» **WORK TO BE COMPLETED**
Transcribe the lines below exactly, beginning with the line that holds "Old Navy Cream" and ending with the final line, both included. Pictures are to be left out.
Top of INPUT DATA
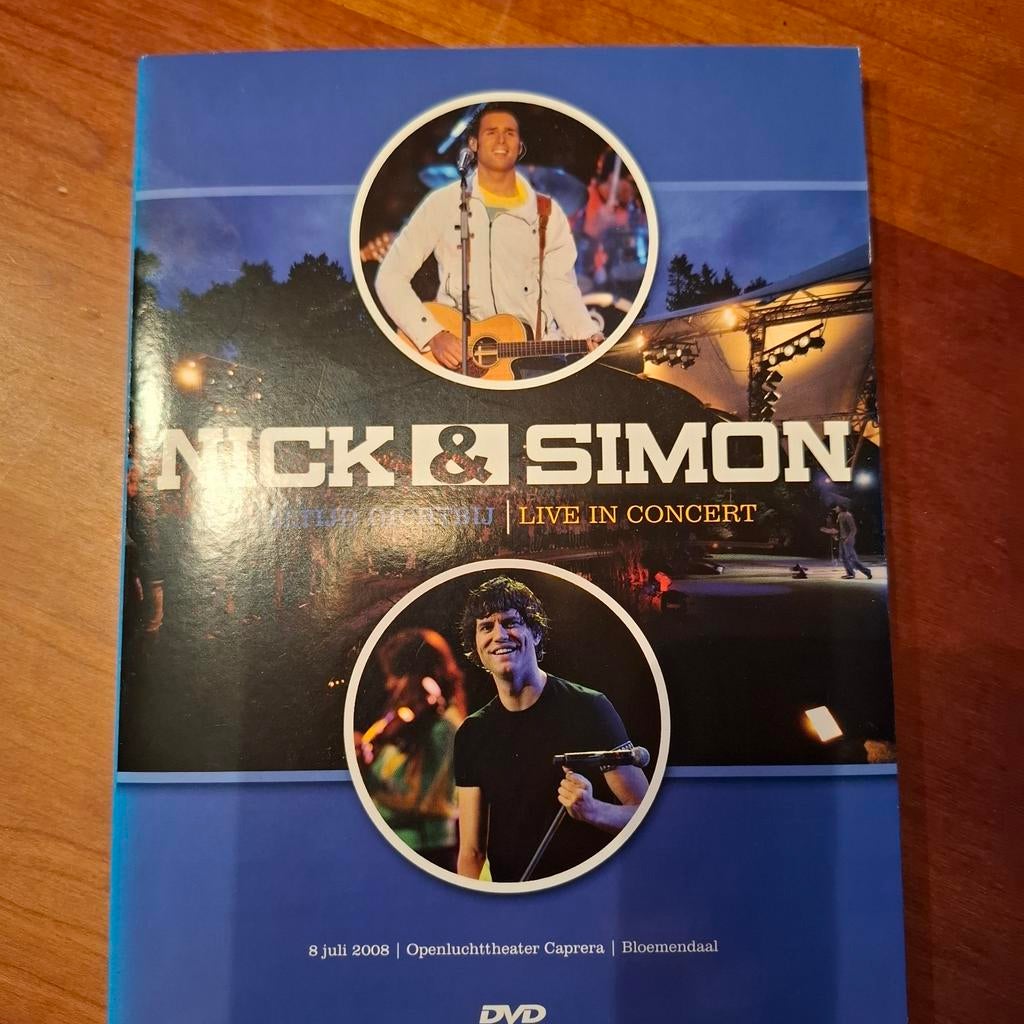 Nick & Simon - Altijd Dichtbij | Live in Concert DVD, Alle leeftijden, Ophalen of Verzenden, Zo goed als nieuw, Muziek en Concerten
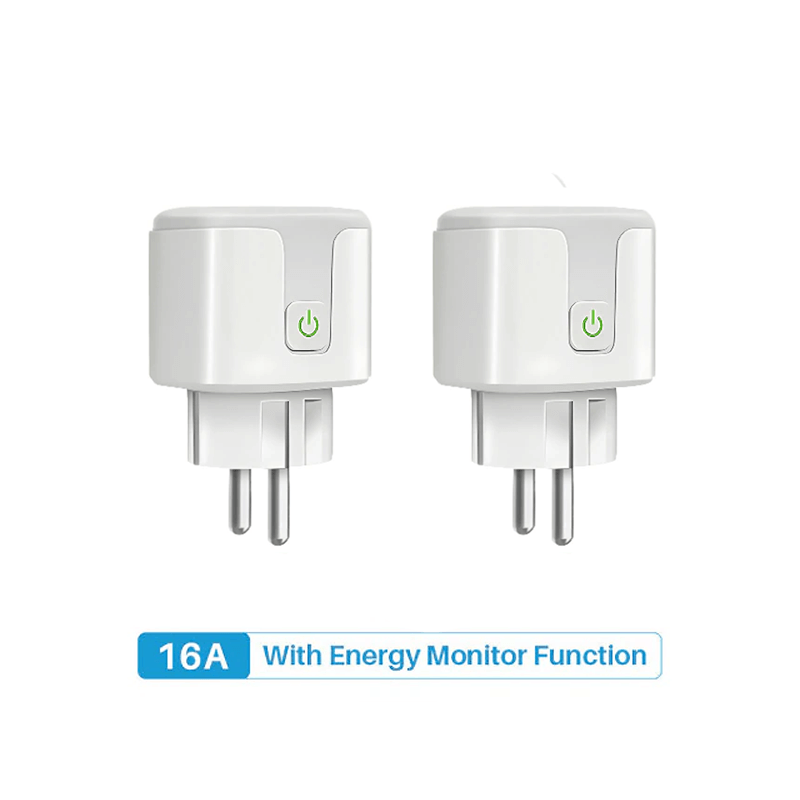 Slimme wifi-contactdoos 16A/20A - Spraakgestuurde contactdoosadapter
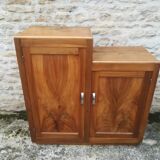 Asymmetric solid walnut buffet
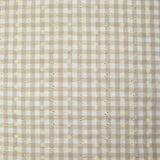 Coton Vichy brodé Flore beige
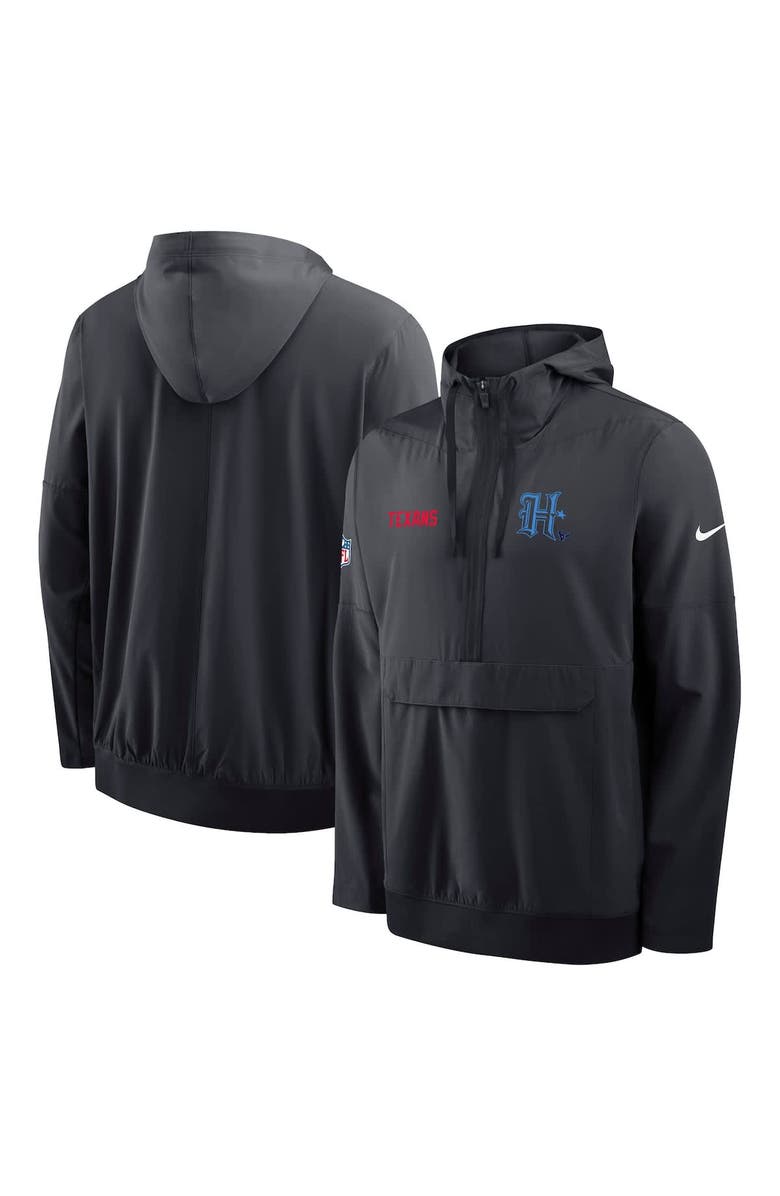 Nike Men's Nike Navy Houston Texans Sideline Alt Pack Anorak Half-Zip Hoodie Jacket, Alternate, color, Navy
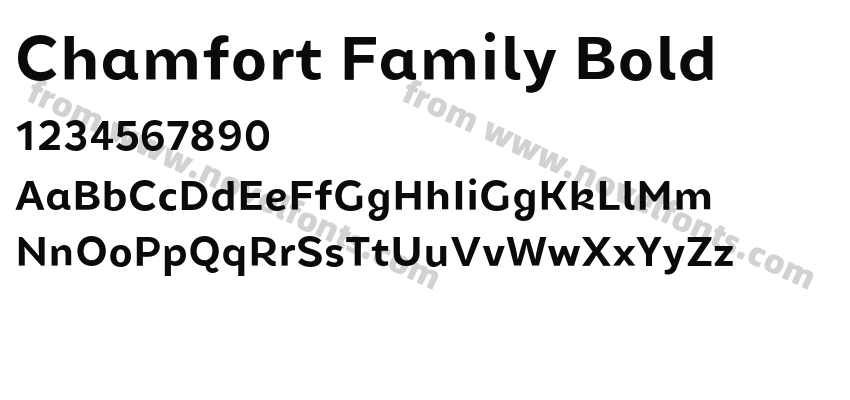 Chamfort Family BoldPreview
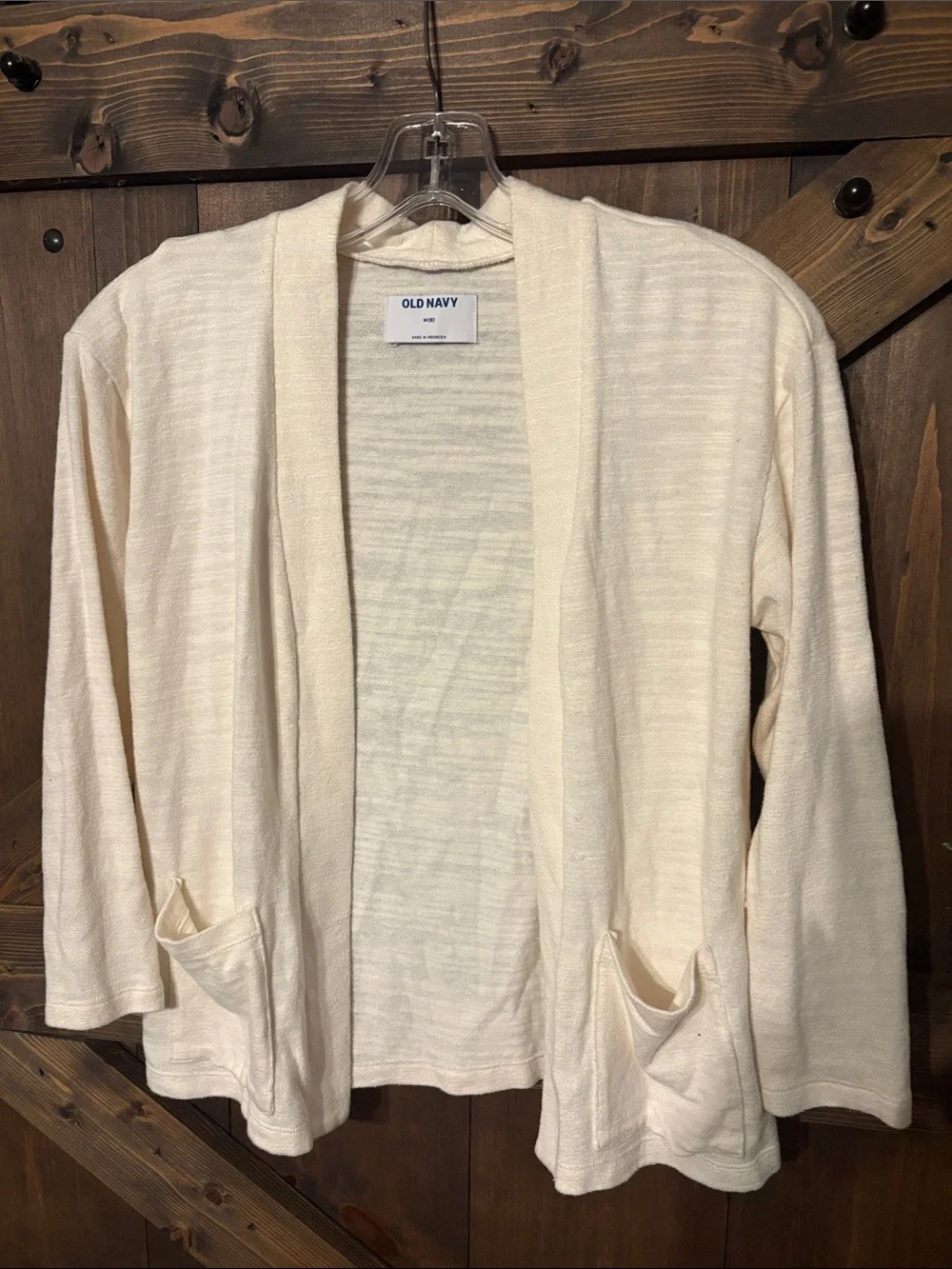 Old Navy Cream Open-Front kidCardigan Sweater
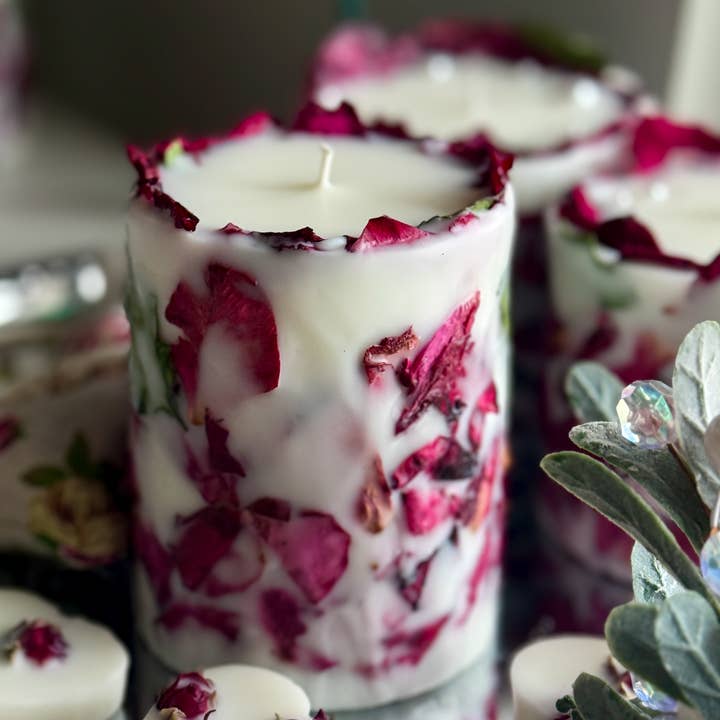 VR.candle - Wholesale Pillar Candle - Rose Petal Candle: Valentine's and Mother's day gifts2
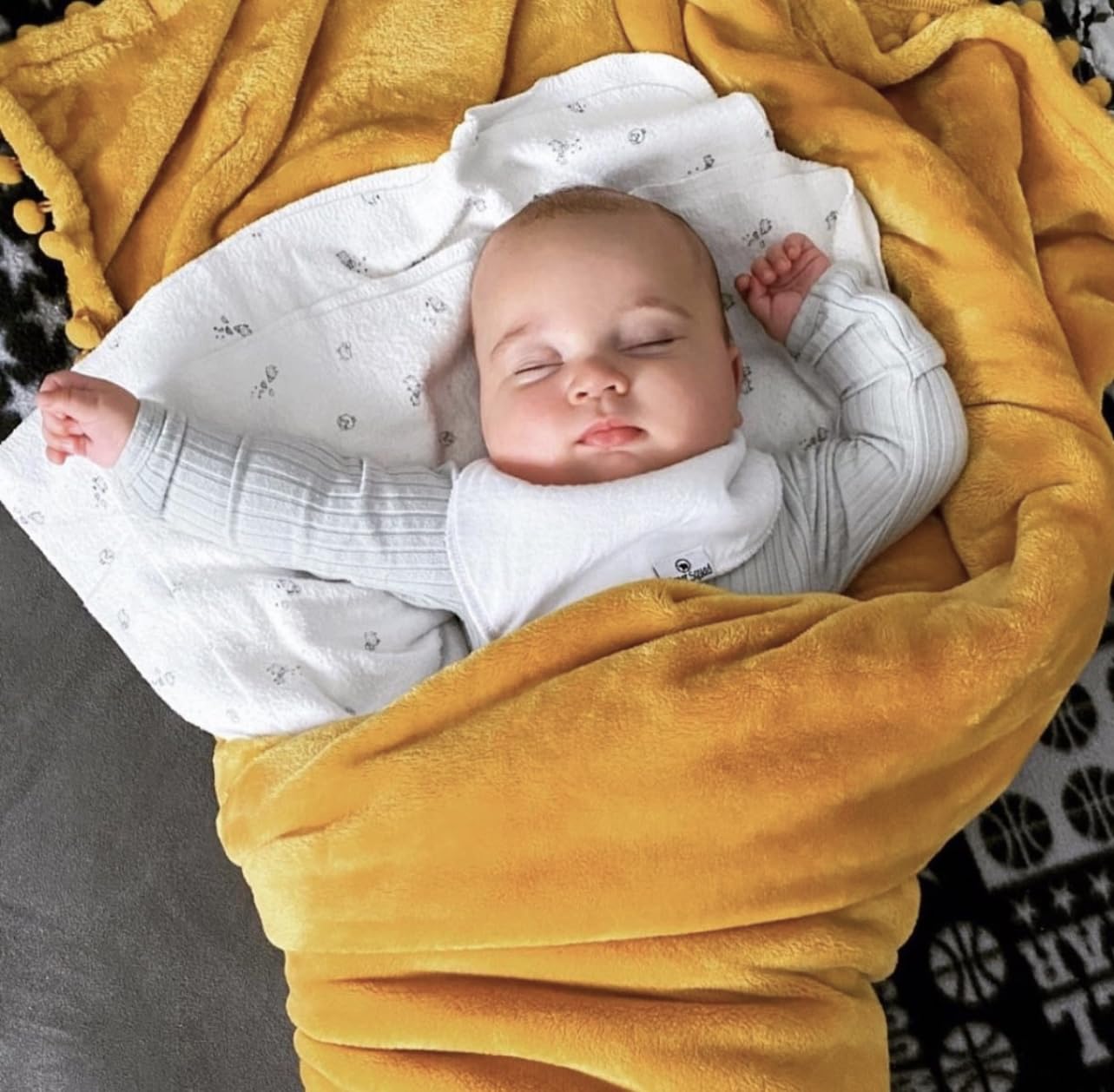 Diaper Squad hypoallergenic bibs gentle on sensitive baby skin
Bottom of INPUT DATA
» **YOUR RESPONSE**
 Old Navy Cream Open-Front kidCardigan Sweater
 VR.candle - Wholesale Pillar Candle - Rose Petal Candle: Valentine's and Mother's day gifts2
 Diaper Squad hypoallergenic bibs gentle on sensitive baby skin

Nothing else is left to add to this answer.